The world's fastest-growing economies reject Microsoft

Microsoft tried to get its new OOXML file format standard ratified by India and Brazil. It failed. Now what?

Tech Culture

First it was China. Now India and Brazil. The rout of Microsoft's Open Office XML (OOXML) standardization efforts is now essentially complete. When the world's fastest growing economies reject Microsoft, Microsoft has a problem.

What am I talking about? I'm talking about India's and Brazil's separate rejections of Microsoft's attempts to standardize its Open Office XML. Microsoft is holding out hope that if it resolves all 200 of India's complaints with its submission, it will have OOXML approved.

Yes, but this largely misses the point.

If Microsoft resolves all those concerns, no one (including the Open Document Format camp) will have a problem with it. Microsoft doesn't seem to grok that true openness breeds trust. If it were submitting a truly open standard, it wouldn't matter what anyone thought of the company submitting it.

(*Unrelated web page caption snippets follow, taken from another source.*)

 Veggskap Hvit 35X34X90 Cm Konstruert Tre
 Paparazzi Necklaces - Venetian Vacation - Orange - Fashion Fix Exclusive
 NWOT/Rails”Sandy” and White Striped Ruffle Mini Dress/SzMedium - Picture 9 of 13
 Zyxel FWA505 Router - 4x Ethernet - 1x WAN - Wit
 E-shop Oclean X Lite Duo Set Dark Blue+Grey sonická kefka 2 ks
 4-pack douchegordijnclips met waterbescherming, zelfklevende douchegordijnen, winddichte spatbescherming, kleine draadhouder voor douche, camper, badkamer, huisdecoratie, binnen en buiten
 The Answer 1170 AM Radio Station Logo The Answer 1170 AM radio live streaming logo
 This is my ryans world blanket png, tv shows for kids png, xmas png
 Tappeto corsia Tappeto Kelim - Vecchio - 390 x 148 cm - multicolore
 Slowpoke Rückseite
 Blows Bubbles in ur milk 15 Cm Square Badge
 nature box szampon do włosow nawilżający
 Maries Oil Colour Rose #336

It looks like Microsoft's days of rolling over opposition with a superior lobbying budget and the lack of clear alternatives is over. It might actually have to play nicely now with the other children. Imagine that.

Of course, it is hedging its file-format lock-in with its content-"process" lock-in. That's called Sharepoint. You probably already use it. You should reconsider. Now.


Full-disclosure: I compete with Sharepoint. So do you. You just don't realize it yet.